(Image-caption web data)
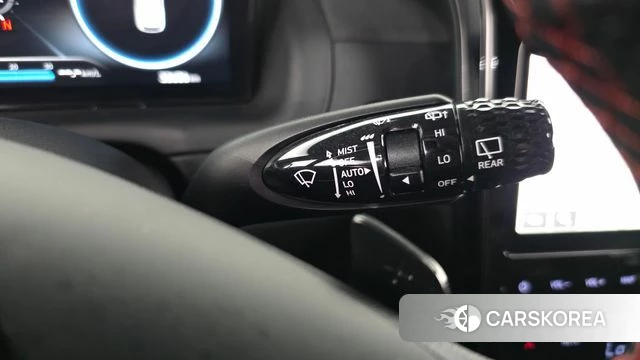 Hyundai Tucson (NX4) id 4350037 из Кореи 19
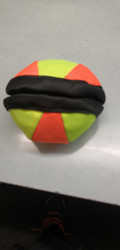 BERRA treatball  ø 8cm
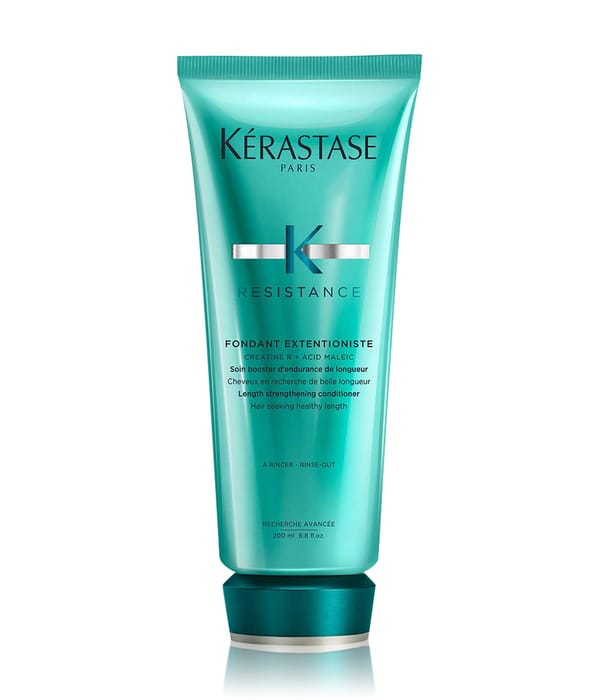 Immagine prodotto 1 di 5, Kérastase Resistance Balsamo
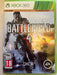 Battlefield 4 [Including China Rising]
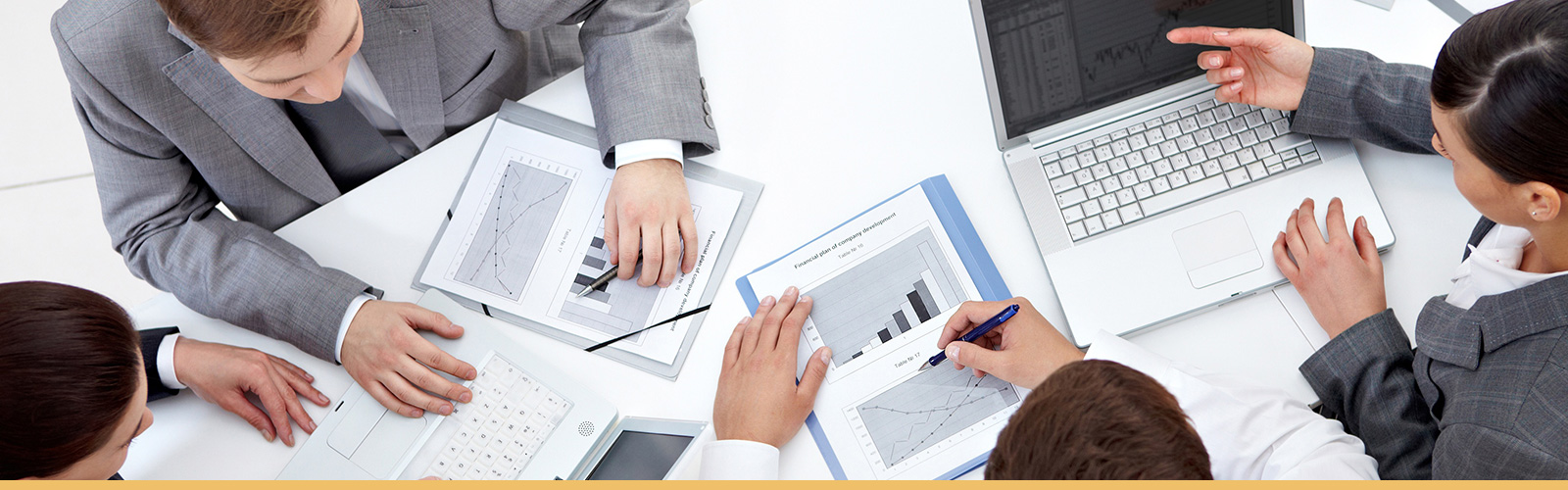 Tecnología Empresarial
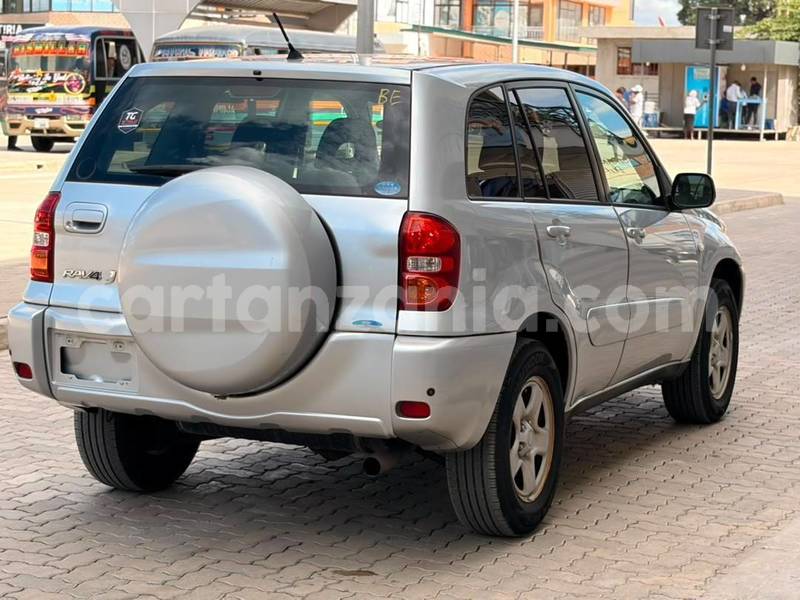 Big with watermark toyota rav4 dar es salaam dar es salaam 33899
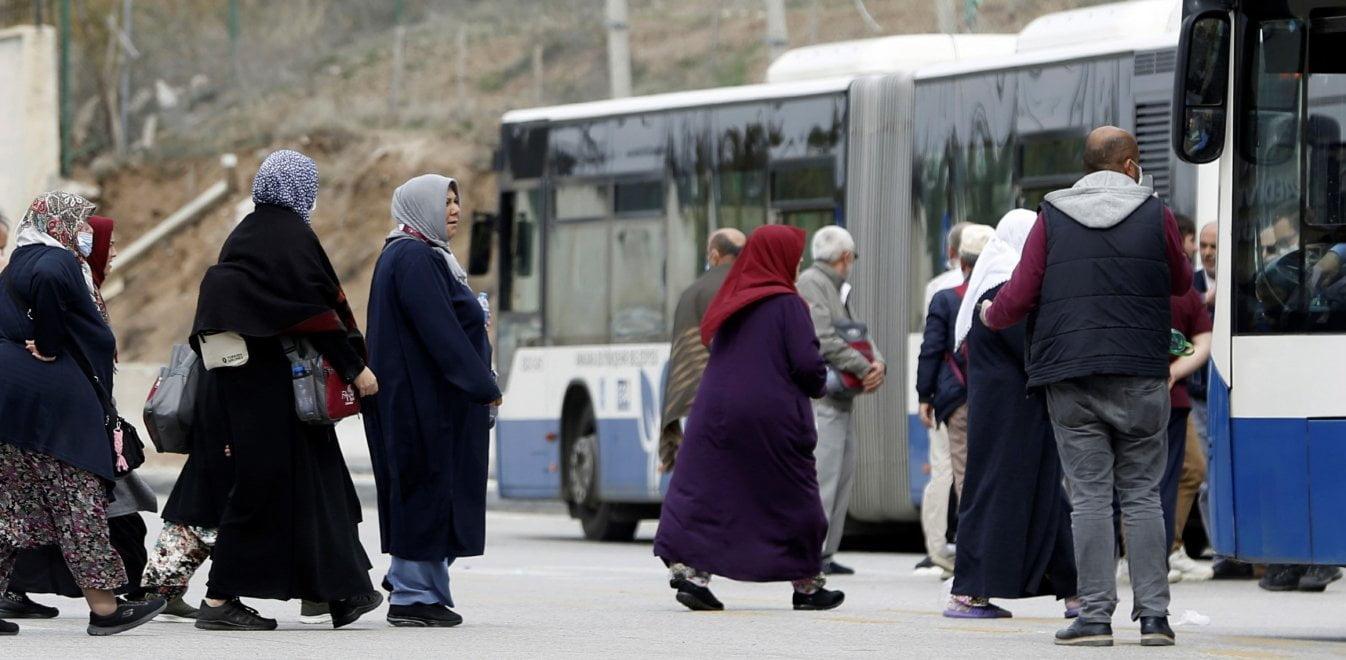 Σφραγίστε το Αιγαίο! 3.100 κρούσματα στην Τουρκία σε μια μόνο μέρα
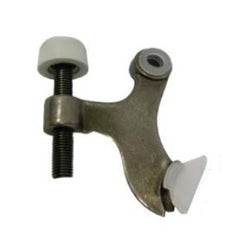 Hinge Pin Doorstop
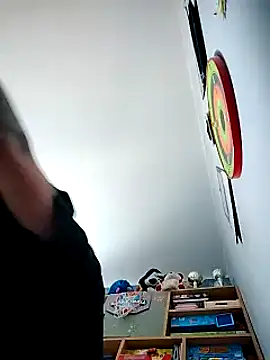 wariacik0024 online show from February 16, 9:26 am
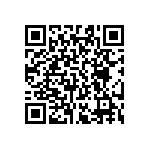 RT0603DRE0753K6L QRCode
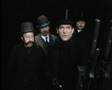 videos de The Bruce Partington Plans - Part 2 of 6 (Sherlock Holmes)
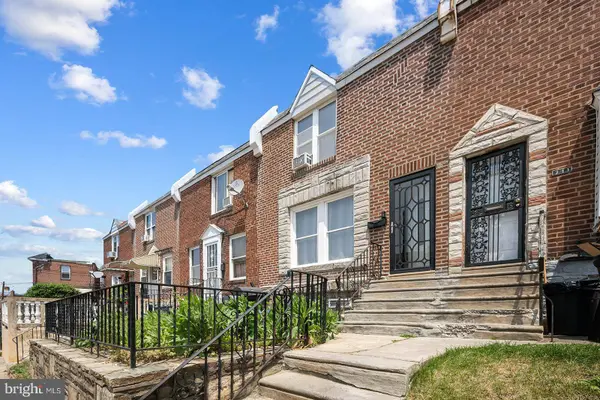 709 LANDIS ST #1, Philadelphia, PA 19120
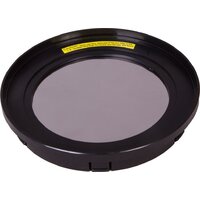 Sky-Watcher для рефлекторов 130 мм 72721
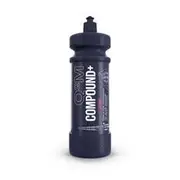 Gyeon Compound+ Redefined 1L - 116052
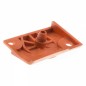 SIDE COVER 501764403 ORIGINAL HUSQVARNA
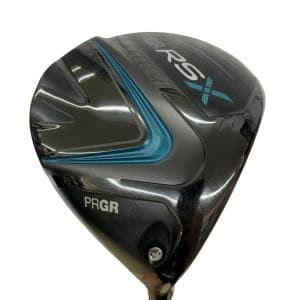 �q�r�@�w�@�l�`�w�i�Q�O�Q�S�j�@�P�O�D�T°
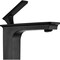 Anzzi Saunter Single-Handle Vessel Bathroom Faucet in Oil Rubbed Bronze L-AZ121ORB - alternate 10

§ **ASSIGNMENT**:
What you return must match, line for line, the records from the line containing "SIDE COVER 501764403 ORIGINAL HUSQVARNA" through their end, with both ends included and no pictures.

§ **FINISHED EXERCISE**:
 SIDE COVER 501764403 ORIGINAL HUSQVARNA
 �q�r�@�w�@�l�`�w�i�Q�O�Q�S�j�@�P�O�D�T°
 Anzzi Saunter Single-Handle Vessel Bathroom Faucet in Oil Rubbed Bronze L-AZ121ORB - alternate 10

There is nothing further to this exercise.